● Action item
In the listing that follows, how many lines have the word "With" in them? Give only the number.

● Supplied material
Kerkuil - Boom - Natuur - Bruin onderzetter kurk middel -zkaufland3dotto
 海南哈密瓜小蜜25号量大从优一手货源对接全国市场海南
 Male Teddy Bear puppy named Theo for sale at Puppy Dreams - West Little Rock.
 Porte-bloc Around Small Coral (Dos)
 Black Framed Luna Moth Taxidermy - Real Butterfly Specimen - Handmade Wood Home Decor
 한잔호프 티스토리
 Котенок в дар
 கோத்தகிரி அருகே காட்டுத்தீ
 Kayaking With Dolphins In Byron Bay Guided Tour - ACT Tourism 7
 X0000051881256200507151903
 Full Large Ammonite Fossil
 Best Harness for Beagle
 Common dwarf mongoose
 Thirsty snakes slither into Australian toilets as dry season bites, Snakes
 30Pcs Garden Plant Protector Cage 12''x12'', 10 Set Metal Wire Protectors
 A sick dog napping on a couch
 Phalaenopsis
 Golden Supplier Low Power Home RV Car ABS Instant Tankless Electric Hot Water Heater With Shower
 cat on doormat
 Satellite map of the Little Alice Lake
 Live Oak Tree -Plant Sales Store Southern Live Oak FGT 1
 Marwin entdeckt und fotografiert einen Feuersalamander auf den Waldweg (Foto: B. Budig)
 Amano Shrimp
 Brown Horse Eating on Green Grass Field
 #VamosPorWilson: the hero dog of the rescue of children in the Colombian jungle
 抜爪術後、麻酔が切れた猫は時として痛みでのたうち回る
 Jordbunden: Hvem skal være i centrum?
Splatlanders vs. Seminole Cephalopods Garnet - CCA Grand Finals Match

● Answer to the exercise
2